Reproduce each of the entries that follow, exactly.

********************

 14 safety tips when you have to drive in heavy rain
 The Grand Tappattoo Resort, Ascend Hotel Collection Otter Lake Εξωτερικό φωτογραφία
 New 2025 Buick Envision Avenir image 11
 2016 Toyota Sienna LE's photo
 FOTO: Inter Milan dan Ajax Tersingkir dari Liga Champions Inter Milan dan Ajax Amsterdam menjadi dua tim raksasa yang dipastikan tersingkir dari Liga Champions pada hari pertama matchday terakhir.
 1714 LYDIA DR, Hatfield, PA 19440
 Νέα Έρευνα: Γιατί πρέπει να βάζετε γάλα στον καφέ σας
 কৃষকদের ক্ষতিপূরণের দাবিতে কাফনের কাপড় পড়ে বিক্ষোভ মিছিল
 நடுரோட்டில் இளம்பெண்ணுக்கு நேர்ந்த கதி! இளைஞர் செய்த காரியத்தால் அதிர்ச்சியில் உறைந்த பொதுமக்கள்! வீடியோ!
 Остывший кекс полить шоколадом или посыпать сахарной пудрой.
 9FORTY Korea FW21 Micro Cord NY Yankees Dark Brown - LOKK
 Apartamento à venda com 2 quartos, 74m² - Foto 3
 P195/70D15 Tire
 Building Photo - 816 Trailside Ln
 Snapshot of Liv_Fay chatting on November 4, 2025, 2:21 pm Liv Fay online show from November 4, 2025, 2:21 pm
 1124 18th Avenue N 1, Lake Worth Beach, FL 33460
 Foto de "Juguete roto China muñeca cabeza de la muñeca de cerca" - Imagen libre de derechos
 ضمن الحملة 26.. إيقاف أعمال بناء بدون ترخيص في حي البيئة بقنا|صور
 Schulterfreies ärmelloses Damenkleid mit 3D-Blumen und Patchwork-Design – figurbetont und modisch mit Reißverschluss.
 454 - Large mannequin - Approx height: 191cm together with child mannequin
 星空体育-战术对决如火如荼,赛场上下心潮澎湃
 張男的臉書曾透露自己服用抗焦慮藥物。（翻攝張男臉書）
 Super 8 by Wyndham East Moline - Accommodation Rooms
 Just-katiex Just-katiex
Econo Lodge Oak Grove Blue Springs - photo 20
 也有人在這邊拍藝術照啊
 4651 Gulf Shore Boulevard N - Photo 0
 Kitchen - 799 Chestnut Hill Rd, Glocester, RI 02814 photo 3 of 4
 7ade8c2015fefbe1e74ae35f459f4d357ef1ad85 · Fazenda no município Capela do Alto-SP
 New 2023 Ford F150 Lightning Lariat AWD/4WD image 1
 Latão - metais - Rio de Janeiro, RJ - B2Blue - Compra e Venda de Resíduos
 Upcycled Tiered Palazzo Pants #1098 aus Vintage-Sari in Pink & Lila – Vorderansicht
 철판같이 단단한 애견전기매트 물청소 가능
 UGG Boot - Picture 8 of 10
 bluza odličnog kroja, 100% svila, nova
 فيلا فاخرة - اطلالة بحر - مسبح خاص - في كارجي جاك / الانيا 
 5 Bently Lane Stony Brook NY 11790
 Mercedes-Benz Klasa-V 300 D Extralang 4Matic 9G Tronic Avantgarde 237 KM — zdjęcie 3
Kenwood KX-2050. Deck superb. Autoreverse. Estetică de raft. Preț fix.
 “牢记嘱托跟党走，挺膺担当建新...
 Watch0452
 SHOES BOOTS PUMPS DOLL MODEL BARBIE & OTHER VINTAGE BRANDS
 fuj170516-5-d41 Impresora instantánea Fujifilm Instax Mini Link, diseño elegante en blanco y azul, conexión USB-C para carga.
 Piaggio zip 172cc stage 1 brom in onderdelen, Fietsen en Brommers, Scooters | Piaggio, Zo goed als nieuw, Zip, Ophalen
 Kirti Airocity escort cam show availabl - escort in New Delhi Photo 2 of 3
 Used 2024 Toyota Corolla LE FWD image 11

********************

*YOUR RESPONSE*
 14 safety tips when you have to drive in heavy rain
 The Grand Tappattoo Resort, Ascend Hotel Collection Otter Lake Εξωτερικό φωτογραφία
 New 2025 Buick Envision Avenir image 11
 2016 Toyota Sienna LE's photo
 FOTO: Inter Milan dan Ajax Tersingkir dari Liga Champions Inter Milan dan Ajax Amsterdam menjadi dua tim raksasa yang dipastikan tersingkir dari Liga Champions pada hari pertama matchday terakhir.
 1714 LYDIA DR, Hatfield, PA 19440
 Νέα Έρευνα: Γιατί πρέπει να βάζετε γάλα στον καφέ σας
 কৃষকদের ক্ষতিপূরণের দাবিতে কাফনের কাপড় পড়ে বিক্ষোভ মিছিল
 நடுரோட்டில் இளம்பெண்ணுக்கு நேர்ந்த கதி! இளைஞர் செய்த காரியத்தால் அதிர்ச்சியில் உறைந்த பொதுமக்கள்! வீடியோ!
 Остывший кекс полить шоколадом или посыпать сахарной пудрой.
 9FORTY Korea FW21 Micro Cord NY Yankees Dark Brown - LOKK
 Apartamento à venda com 2 quartos, 74m² - Foto 3
 P195/70D15 Tire
 Building Photo - 816 Trailside Ln
 Snapshot of Liv_Fay chatting on November 4, 2025, 2:21 pm Liv Fay online show from November 4, 2025, 2:21 pm
 1124 18th Avenue N 1, Lake Worth Beach, FL 33460
 Foto de "Juguete roto China muñeca cabeza de la muñeca de cerca" - Imagen libre de derechos
 ضمن الحملة 26.. إيقاف أعمال بناء بدون ترخيص في حي البيئة بقنا|صور
 Schulterfreies ärmelloses Damenkleid mit 3D-Blumen und Patchwork-Design – figurbetont und modisch mit Reißverschluss.
 454 - Large mannequin - Approx height: 191cm together with child mannequin
 星空体育-战术对决如火如荼,赛场上下心潮澎湃
 張男的臉書曾透露自己服用抗焦慮藥物。（翻攝張男臉書）
 Super 8 by Wyndham East Moline - Accommodation Rooms
 Just-katiex Just-katiex
Econo Lodge Oak Grove Blue Springs - photo 20
 也有人在這邊拍藝術照啊
 4651 Gulf Shore Boulevard N - Photo 0
 Kitchen - 799 Chestnut Hill Rd, Glocester, RI 02814 photo 3 of 4
 7ade8c2015fefbe1e74ae35f459f4d357ef1ad85 · Fazenda no município Capela do Alto-SP
 New 2023 Ford F150 Lightning Lariat AWD/4WD image 1
 Latão - metais - Rio de Janeiro, RJ - B2Blue - Compra e Venda de Resíduos
 Upcycled Tiered Palazzo Pants #1098 aus Vintage-Sari in Pink & Lila – Vorderansicht
 철판같이 단단한 애견전기매트 물청소 가능
 UGG Boot - Picture 8 of 10
 bluza odličnog kroja, 100% svila, nova
 فيلا فاخرة - اطلالة بحر - مسبح خاص - في كارجي جاك / الانيا 
 5 Bently Lane Stony Brook NY 11790
 Mercedes-Benz Klasa-V 300 D Extralang 4Matic 9G Tronic Avantgarde 237 KM — zdjęcie 3
Kenwood KX-2050. Deck superb. Autoreverse. Estetică de raft. Preț fix.
 “牢记嘱托跟党走，挺膺担当建新...
 Watch0452
 SHOES BOOTS PUMPS DOLL MODEL BARBIE & OTHER VINTAGE BRANDS
 fuj170516-5-d41 Impresora instantánea Fujifilm Instax Mini Link, diseño elegante en blanco y azul, conexión USB-C para carga.
 Piaggio zip 172cc stage 1 brom in onderdelen, Fietsen en Brommers, Scooters | Piaggio, Zo goed als nieuw, Zip, Ophalen
 Kirti Airocity escort cam show availabl - escort in New Delhi Photo 2 of 3
 Used 2024 Toyota Corolla LE FWD image 11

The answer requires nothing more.